Commission des finances, du contrôle budgétaire et des comptes économiques de la nation — Réunion du 11 juin 2014 : 3ème réunion
Loi de finances rectificative pour 2014 — Audition de Mm. Michel Sapin ministre des finances et des comptes publics et christian eckert secrétaire d'état au budget

Michel Sapin, ministre des finances et des comptes publics :

Le projet de loi de finances rectificative, qui exauce l'un de vos voeux, constitue l'acte I de la mise en oeuvre du pacte de responsabilité et de solidarité. L'acte II sera le PLFRSS, délibéré en Conseil des ministres la semaine prochaine, puis débattu par les assemblées, le projet de loi de finances pour 2015 marquant l'acte III. Cet ensemble construit la logique du pacte de responsabilité et des décisions du Gouvernement.

Nous sommes également dans la première phase d'un programme d'économies qui commence par des économies supplémentaires cette année et qui se poursuivra par les 50 milliards d'euros d'économies indispensables à la mise en oeuvre du pacte de responsabilité.
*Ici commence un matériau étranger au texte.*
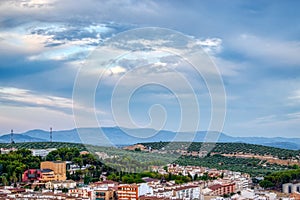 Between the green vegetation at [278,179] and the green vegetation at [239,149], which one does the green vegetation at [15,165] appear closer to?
the green vegetation at [278,179]

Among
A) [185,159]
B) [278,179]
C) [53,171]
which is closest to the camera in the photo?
[278,179]

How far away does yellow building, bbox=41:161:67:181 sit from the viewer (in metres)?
11.5

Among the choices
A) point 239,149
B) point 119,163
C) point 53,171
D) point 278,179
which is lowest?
point 278,179

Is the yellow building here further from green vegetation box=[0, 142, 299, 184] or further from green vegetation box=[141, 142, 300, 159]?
green vegetation box=[141, 142, 300, 159]

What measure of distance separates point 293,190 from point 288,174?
3.46 feet

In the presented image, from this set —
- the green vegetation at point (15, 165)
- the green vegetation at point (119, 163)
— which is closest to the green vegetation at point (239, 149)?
the green vegetation at point (119, 163)

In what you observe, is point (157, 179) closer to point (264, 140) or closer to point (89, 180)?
point (89, 180)

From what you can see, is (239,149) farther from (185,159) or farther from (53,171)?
(53,171)

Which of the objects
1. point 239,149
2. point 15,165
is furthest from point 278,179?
point 239,149

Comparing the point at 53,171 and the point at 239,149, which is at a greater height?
the point at 239,149

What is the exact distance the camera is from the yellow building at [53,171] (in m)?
11.5

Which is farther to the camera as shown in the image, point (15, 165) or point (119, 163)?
point (119, 163)

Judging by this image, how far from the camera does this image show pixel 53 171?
465 inches

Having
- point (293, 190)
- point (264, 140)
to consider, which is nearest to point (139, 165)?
point (293, 190) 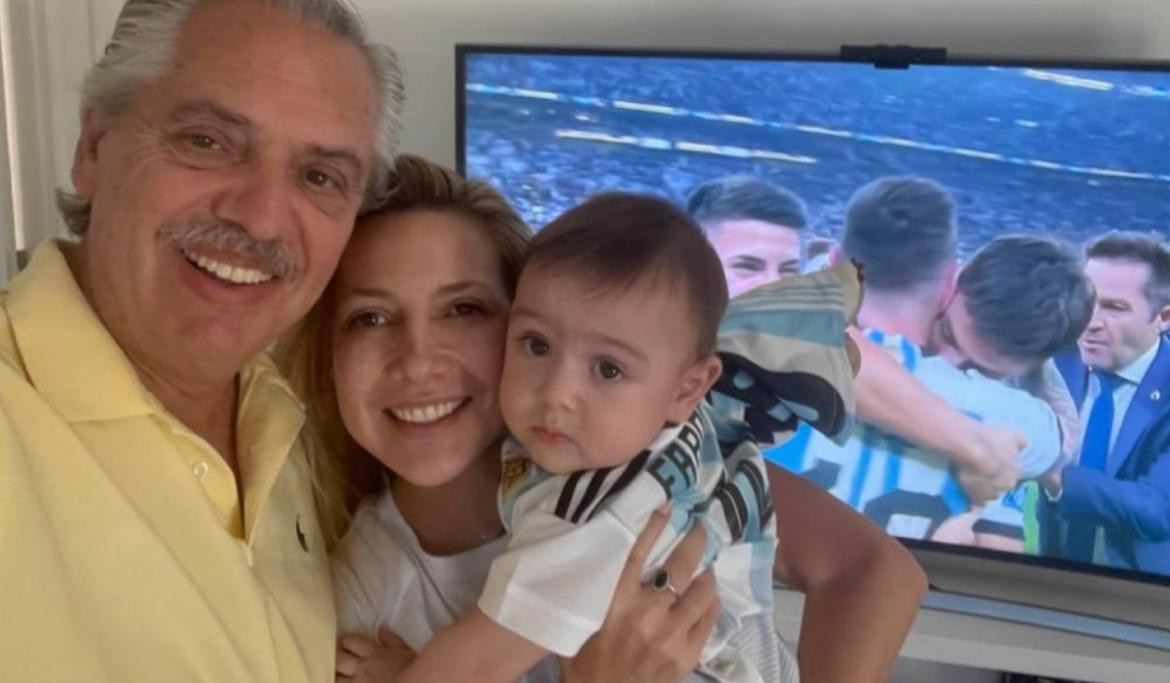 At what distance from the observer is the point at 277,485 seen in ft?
4.27

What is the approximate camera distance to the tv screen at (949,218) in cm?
210

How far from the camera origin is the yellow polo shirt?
0.93 meters

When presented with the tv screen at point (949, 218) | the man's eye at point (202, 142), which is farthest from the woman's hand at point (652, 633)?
the tv screen at point (949, 218)

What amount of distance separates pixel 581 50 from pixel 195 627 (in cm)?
158

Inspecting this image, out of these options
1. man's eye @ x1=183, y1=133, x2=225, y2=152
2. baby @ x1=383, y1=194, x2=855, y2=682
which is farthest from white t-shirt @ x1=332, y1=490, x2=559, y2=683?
man's eye @ x1=183, y1=133, x2=225, y2=152

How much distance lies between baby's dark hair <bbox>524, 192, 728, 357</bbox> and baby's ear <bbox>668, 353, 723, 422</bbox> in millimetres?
14

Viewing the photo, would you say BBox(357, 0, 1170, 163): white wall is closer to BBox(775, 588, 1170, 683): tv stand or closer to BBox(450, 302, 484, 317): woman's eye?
BBox(775, 588, 1170, 683): tv stand

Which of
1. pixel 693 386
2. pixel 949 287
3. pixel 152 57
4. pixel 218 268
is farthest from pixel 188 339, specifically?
pixel 949 287

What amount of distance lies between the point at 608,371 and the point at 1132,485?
1.47 metres

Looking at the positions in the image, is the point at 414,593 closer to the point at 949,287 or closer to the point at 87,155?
the point at 87,155

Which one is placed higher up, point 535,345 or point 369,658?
point 535,345

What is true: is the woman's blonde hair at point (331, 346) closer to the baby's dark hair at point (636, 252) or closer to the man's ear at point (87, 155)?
the baby's dark hair at point (636, 252)

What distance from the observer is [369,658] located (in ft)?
4.01

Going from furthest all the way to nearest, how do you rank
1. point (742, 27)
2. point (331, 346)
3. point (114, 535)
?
→ 1. point (742, 27)
2. point (331, 346)
3. point (114, 535) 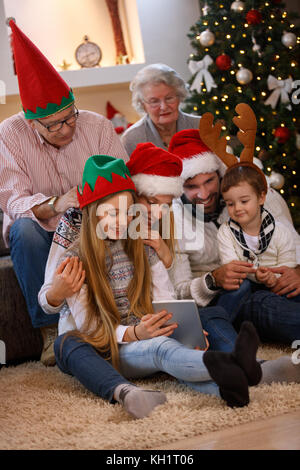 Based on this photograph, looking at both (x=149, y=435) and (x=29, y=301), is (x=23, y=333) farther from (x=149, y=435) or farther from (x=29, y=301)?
(x=149, y=435)

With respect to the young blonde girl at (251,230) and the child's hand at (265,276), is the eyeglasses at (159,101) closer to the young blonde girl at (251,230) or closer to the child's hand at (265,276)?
the young blonde girl at (251,230)

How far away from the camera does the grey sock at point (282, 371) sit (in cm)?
143

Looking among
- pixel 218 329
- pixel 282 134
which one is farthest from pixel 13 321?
pixel 282 134

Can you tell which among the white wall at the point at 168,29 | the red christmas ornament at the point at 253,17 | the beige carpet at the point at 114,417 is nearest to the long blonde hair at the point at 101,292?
the beige carpet at the point at 114,417

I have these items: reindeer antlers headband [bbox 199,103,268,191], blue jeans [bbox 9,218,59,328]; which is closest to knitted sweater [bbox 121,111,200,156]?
reindeer antlers headband [bbox 199,103,268,191]

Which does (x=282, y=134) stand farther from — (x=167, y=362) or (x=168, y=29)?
(x=167, y=362)

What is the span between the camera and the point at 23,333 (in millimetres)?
2102

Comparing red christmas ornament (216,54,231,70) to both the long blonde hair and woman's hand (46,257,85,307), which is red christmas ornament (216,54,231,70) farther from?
woman's hand (46,257,85,307)

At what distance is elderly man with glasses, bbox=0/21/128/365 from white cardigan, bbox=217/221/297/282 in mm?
546

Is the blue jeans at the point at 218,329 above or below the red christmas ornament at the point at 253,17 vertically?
below

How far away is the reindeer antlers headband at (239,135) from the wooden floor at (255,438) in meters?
0.98

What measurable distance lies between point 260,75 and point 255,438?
2.70 m

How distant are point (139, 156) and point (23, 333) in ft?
2.57

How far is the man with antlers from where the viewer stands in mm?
1845
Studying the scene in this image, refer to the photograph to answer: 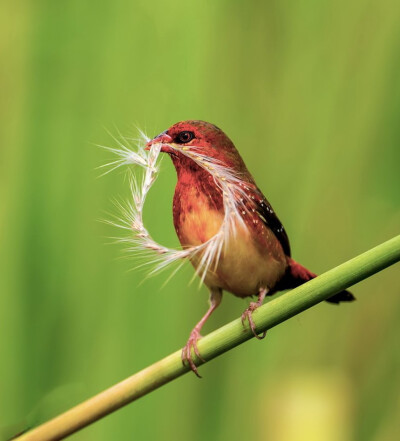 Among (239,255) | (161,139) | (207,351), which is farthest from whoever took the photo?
(239,255)

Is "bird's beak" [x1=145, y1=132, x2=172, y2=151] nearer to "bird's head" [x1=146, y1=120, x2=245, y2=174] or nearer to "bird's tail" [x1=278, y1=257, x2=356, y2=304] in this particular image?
"bird's head" [x1=146, y1=120, x2=245, y2=174]

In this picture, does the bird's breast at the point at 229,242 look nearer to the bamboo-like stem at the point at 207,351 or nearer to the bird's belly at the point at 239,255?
the bird's belly at the point at 239,255

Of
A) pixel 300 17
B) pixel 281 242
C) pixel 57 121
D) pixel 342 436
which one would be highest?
pixel 300 17

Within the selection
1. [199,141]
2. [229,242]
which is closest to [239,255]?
[229,242]

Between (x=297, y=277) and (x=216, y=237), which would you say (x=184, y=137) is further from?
(x=297, y=277)

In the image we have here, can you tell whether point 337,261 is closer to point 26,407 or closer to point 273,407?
point 273,407

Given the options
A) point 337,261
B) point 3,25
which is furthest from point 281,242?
point 3,25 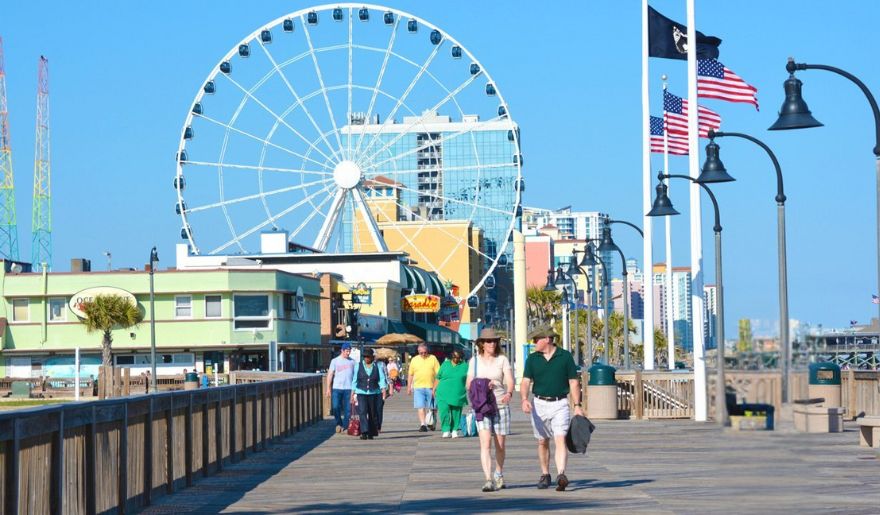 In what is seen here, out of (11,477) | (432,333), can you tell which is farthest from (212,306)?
(11,477)

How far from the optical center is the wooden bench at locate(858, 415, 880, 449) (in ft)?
69.2

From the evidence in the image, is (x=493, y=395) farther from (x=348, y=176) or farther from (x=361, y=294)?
(x=361, y=294)

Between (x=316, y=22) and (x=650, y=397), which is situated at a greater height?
(x=316, y=22)

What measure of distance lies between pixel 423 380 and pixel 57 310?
170ft

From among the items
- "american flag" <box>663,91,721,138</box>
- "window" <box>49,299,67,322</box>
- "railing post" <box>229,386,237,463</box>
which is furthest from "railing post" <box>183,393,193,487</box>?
"window" <box>49,299,67,322</box>

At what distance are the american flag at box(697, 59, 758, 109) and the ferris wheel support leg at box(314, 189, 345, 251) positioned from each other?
46.0 meters

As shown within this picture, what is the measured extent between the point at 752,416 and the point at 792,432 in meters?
0.14

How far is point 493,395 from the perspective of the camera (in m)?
→ 16.8

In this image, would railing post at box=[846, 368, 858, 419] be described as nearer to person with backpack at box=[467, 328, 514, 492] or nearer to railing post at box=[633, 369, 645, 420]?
railing post at box=[633, 369, 645, 420]

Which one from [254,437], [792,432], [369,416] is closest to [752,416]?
[792,432]

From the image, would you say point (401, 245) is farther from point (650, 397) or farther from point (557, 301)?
point (650, 397)

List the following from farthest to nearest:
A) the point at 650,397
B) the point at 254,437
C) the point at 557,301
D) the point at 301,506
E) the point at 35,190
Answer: the point at 35,190
the point at 557,301
the point at 650,397
the point at 254,437
the point at 301,506

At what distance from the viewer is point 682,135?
122 feet

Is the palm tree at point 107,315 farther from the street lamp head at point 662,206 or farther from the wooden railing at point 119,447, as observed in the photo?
the wooden railing at point 119,447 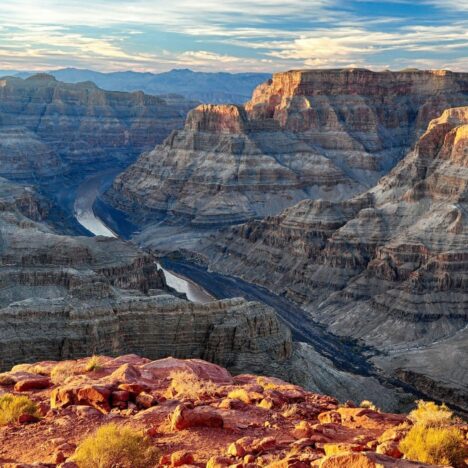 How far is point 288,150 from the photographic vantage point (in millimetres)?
177375

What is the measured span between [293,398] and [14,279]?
5850 cm

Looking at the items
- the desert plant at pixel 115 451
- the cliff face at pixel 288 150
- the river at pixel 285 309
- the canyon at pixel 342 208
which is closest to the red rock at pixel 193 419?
the desert plant at pixel 115 451

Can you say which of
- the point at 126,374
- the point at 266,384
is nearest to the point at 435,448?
the point at 266,384

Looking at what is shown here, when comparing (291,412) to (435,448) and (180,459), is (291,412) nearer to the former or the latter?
Result: (180,459)

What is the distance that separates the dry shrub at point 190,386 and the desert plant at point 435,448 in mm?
9069

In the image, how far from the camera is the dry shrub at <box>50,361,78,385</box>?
28.1 meters

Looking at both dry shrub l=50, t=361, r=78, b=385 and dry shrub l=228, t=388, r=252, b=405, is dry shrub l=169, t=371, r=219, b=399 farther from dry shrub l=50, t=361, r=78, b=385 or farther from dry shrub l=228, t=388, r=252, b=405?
dry shrub l=50, t=361, r=78, b=385

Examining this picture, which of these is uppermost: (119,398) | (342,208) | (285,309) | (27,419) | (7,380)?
(119,398)

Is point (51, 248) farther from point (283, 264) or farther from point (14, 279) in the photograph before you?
point (283, 264)

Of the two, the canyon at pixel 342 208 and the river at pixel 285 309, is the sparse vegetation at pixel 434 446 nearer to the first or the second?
the canyon at pixel 342 208

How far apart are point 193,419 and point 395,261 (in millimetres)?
80675

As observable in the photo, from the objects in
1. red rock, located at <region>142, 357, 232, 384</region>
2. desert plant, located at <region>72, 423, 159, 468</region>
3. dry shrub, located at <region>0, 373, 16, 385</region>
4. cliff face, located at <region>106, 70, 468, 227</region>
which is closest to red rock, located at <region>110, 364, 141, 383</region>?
red rock, located at <region>142, 357, 232, 384</region>

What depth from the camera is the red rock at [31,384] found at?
88.9 ft

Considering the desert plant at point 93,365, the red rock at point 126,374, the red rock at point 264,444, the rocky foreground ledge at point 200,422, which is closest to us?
the rocky foreground ledge at point 200,422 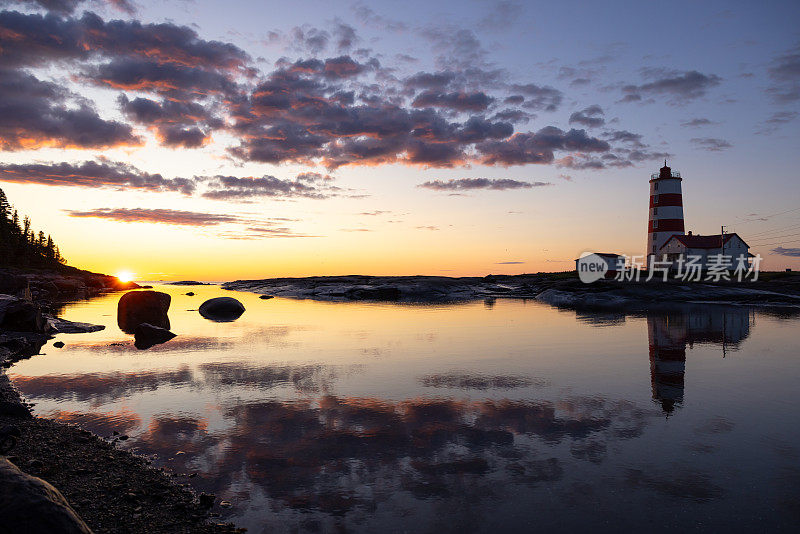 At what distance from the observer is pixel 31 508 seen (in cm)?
455

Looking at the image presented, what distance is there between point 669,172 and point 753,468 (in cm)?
7926

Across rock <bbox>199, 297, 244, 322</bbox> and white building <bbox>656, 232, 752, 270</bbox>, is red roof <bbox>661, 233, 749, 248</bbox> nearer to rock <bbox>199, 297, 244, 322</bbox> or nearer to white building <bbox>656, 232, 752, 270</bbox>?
white building <bbox>656, 232, 752, 270</bbox>

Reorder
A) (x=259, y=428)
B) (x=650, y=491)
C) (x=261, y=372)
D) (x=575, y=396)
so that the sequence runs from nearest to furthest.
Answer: (x=650, y=491), (x=259, y=428), (x=575, y=396), (x=261, y=372)

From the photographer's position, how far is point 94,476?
7473 millimetres

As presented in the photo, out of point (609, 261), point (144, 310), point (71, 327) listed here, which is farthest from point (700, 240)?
point (71, 327)

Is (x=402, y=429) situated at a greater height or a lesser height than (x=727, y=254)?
lesser

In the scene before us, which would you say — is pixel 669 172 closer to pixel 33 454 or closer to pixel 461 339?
pixel 461 339

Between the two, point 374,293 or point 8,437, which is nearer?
point 8,437

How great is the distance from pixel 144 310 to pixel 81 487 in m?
25.2

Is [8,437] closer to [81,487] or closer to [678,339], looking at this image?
[81,487]

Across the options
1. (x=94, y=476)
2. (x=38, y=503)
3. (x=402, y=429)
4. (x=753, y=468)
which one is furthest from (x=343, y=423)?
(x=753, y=468)

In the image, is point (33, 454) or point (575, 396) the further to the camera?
point (575, 396)

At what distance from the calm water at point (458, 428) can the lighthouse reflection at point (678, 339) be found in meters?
0.18

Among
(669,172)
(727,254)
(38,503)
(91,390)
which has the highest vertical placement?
(669,172) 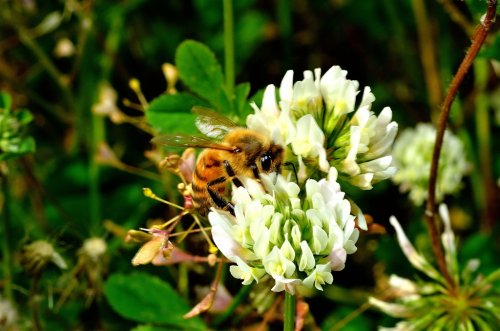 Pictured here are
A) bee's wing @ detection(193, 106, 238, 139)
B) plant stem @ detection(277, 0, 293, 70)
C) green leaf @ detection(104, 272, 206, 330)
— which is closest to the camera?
bee's wing @ detection(193, 106, 238, 139)

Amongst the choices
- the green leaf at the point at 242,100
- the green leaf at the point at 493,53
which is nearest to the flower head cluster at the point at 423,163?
the green leaf at the point at 493,53

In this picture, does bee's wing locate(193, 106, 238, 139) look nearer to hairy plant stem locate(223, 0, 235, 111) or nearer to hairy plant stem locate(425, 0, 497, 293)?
hairy plant stem locate(425, 0, 497, 293)

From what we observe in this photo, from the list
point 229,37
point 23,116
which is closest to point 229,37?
point 229,37

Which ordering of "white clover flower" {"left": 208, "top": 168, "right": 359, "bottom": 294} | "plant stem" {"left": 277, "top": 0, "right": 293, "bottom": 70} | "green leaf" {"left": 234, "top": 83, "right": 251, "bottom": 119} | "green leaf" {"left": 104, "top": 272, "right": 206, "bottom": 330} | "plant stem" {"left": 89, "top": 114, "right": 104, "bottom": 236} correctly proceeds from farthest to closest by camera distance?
"plant stem" {"left": 277, "top": 0, "right": 293, "bottom": 70}, "plant stem" {"left": 89, "top": 114, "right": 104, "bottom": 236}, "green leaf" {"left": 104, "top": 272, "right": 206, "bottom": 330}, "green leaf" {"left": 234, "top": 83, "right": 251, "bottom": 119}, "white clover flower" {"left": 208, "top": 168, "right": 359, "bottom": 294}

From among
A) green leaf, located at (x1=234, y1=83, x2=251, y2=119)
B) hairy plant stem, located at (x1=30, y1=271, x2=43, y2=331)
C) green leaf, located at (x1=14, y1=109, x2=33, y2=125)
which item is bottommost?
hairy plant stem, located at (x1=30, y1=271, x2=43, y2=331)

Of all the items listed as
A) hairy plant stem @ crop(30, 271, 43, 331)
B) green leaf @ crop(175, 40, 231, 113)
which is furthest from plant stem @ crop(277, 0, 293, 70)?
hairy plant stem @ crop(30, 271, 43, 331)

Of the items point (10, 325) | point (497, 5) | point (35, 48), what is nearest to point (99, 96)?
point (35, 48)

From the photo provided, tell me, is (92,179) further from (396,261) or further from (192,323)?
(396,261)

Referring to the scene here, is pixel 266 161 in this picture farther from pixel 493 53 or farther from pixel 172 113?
pixel 493 53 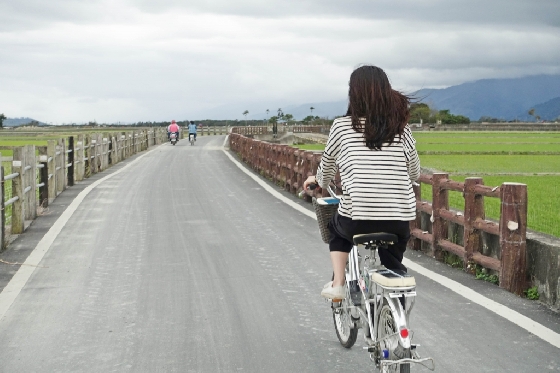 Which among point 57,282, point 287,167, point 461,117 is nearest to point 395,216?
point 57,282

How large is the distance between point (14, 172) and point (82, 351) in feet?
24.8

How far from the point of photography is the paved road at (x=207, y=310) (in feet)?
18.5

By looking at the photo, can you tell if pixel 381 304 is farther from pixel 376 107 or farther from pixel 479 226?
pixel 479 226

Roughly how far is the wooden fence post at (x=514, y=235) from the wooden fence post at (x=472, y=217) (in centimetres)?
82

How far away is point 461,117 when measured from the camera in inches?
5763

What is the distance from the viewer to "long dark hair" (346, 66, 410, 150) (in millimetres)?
4840

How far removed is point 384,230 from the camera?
481 cm

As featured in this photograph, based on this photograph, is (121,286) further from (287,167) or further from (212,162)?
(212,162)

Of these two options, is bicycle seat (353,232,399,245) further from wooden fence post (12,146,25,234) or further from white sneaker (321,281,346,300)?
wooden fence post (12,146,25,234)

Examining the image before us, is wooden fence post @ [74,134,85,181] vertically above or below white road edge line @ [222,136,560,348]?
above

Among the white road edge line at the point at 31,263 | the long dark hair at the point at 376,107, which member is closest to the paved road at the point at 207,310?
the white road edge line at the point at 31,263

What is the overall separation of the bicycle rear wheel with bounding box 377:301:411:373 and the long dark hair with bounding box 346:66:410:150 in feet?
3.27

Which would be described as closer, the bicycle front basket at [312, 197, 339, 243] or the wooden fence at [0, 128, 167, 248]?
the bicycle front basket at [312, 197, 339, 243]

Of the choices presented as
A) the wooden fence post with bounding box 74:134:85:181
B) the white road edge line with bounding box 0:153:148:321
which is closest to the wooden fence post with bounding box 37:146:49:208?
the white road edge line with bounding box 0:153:148:321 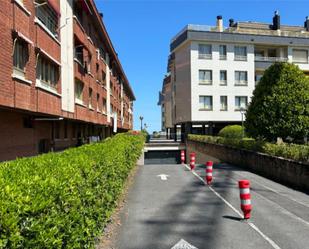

Ce programme financera la baisse des impôts et des cotisations au profit des entreprises et des ménages et permettra de poursuivre la diminution du déficit et la maîtrise de la dette. Il représente 4 milliards d'euros d'économies, dont 1,6 milliard d'euros d'annulation de crédits budgétaires. Telle est notre réponse à la demande de la Commission européenne. Cet effort additionnel est nécessaire. En 2013, nous avons respecté nos objectifs de dépenses, sans pouvoir atteindre nos objectifs de recettes à cause d'une croissance faible.

Dans le PLFRSS qui sera déposé mercredi, nous nous engageons à mettre en oeuvre les annonces faites par le président de la République en début d'année, et confirmées par le Premier ministre dans sa déclaration de politique générale et dans le pacte de responsabilité. L'objectif est de renforcer notre politique en faveur de la croissance et de l'emploi, par des mesures de soutien à la compétitivité et par un allègement de la pression fiscale et sociale sur les ménages aux revenus les plus modestes, en donnant de la visibilité à ces mesures à l'horizon 2017 et en inscrivant dans la loi dès maintenant les mesures du pacte 2014-2015.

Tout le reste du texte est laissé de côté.